* [Work request] Reproduce precisely the lines of the material below from the line containing "Fig. 02 - Immunomodulatory" up to and including its last line. Pictures must not be copied.

* [Supplied material]
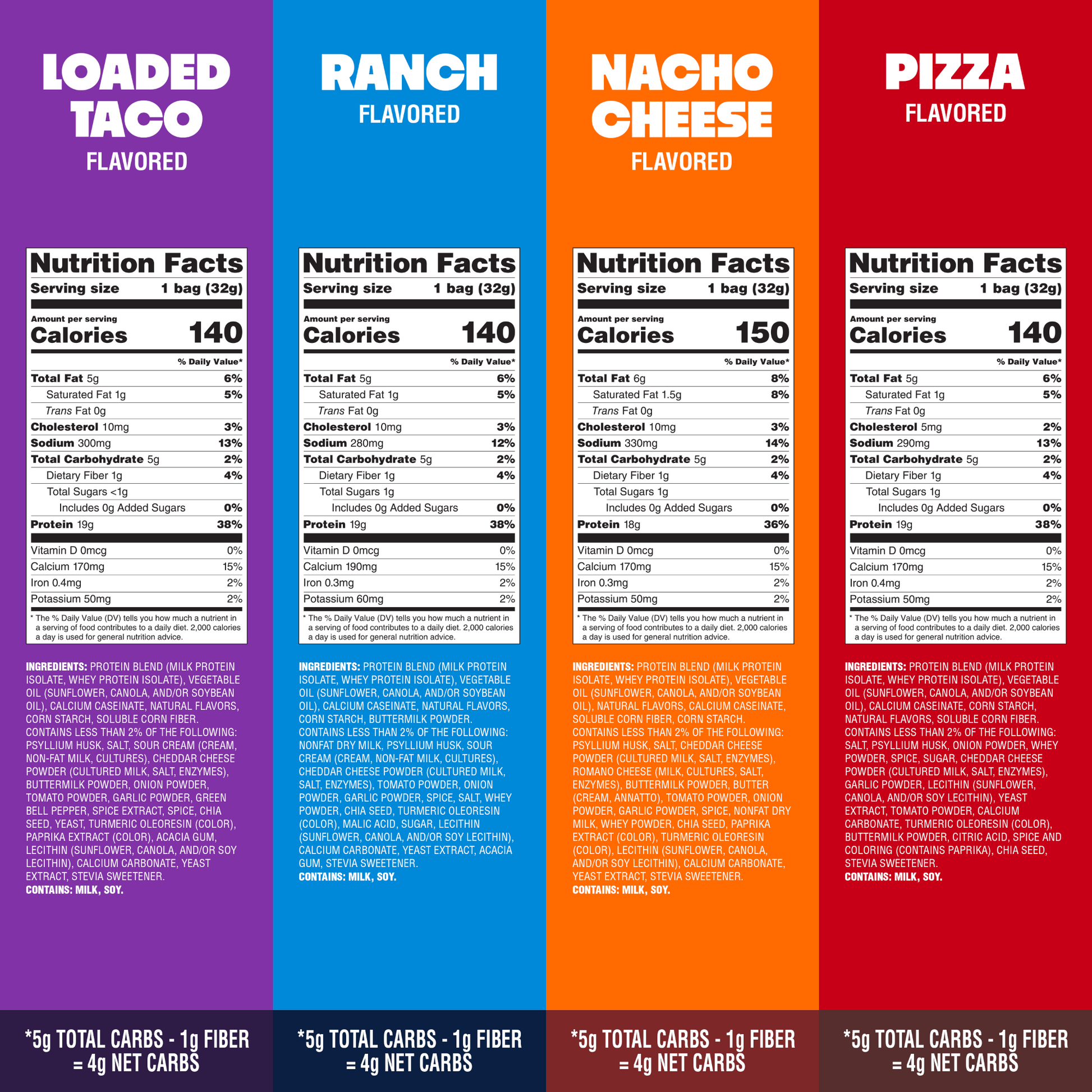 variety-pack-tortilla-style-protein-chips-r9 16001_QN_USA_eComm_ProductCarousel_Amazon_TortillaChipsVarietyPack_GroupNFP.png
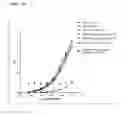 Fig. 02 - Immunomodulatory proteins with tunable affinities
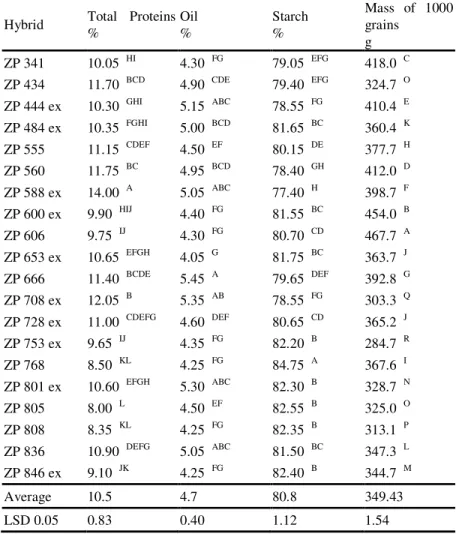 Table 1. The content of Total proteins, Oil, Starch and Mass of 1000 grains of 20 ZP hybrids  (FAO 400-800) and ANOVA for analyzed characteristics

* [Your response]
 Fig. 02 - Immunomodulatory proteins with tunable affinities
 Table 1. The content of Total proteins, Oil, Starch and Mass of 1000 grains of 20 ZP hybrids  (FAO 400-800) and ANOVA for analyzed characteristics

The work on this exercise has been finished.